RECORDS FOR THE EXERCISE:

========================================================================

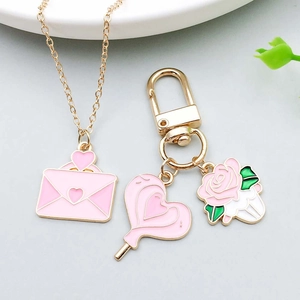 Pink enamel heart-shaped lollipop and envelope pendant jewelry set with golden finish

========================================================================

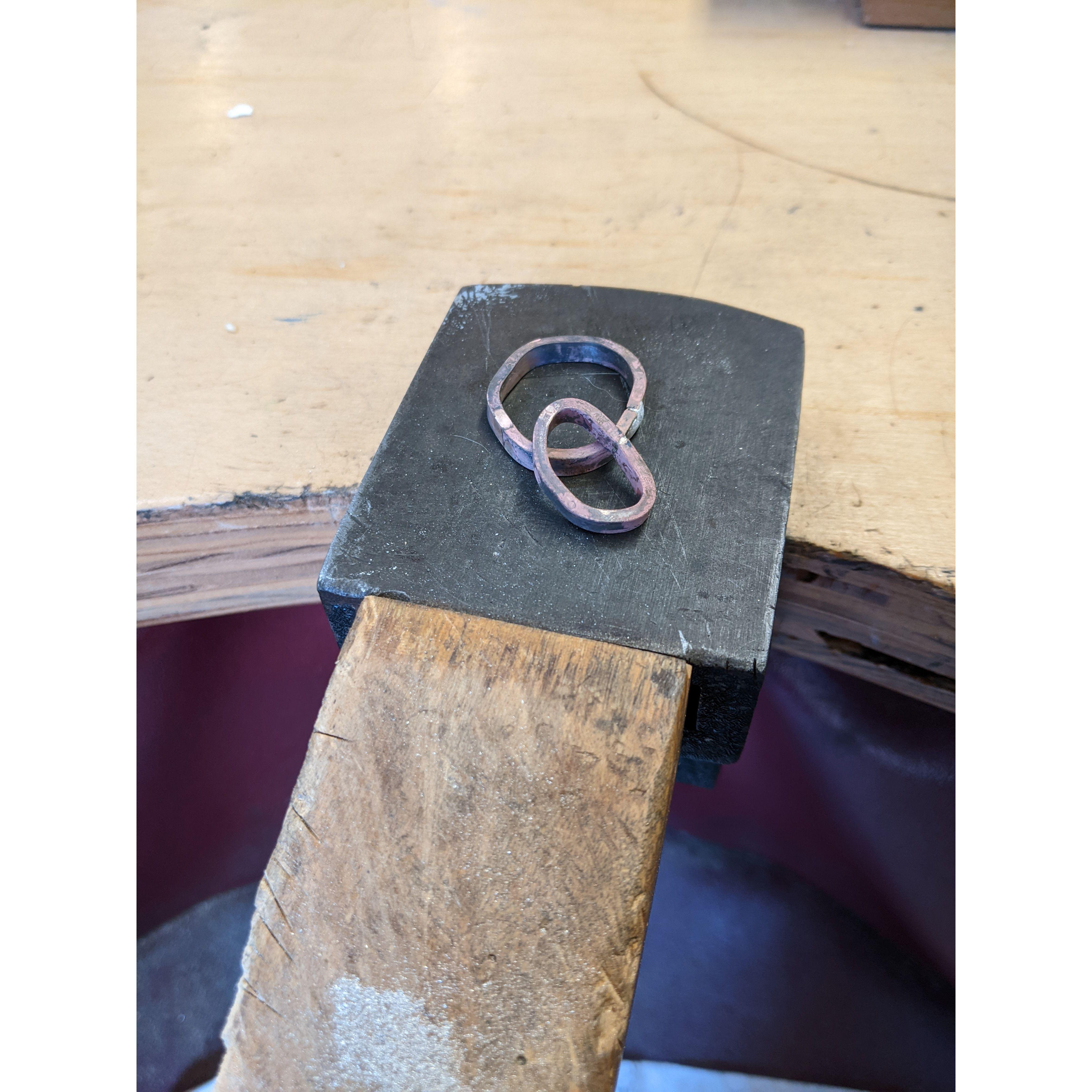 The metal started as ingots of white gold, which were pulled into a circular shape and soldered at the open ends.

========================================================================

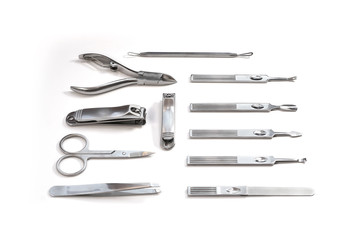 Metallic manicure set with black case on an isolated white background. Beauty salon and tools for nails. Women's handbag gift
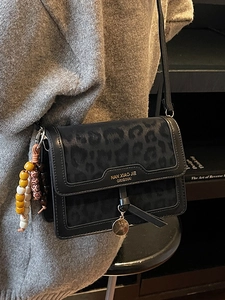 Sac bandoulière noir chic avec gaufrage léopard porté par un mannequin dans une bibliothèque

========================================================================

EXERCISE: Beginning with the line that contains "Metallic manicure set", write out the lines of the material above exactly, and end with the line that contains "Sac bandoulière noir". Omit the pictures.

WORKED SOLUTION:
 Metallic manicure set with black case on an isolated white background. Beauty salon and tools for nails. Women's handbag gift
 Sac bandoulière noir chic avec gaufrage léopard porté par un mannequin dans une bibliothèque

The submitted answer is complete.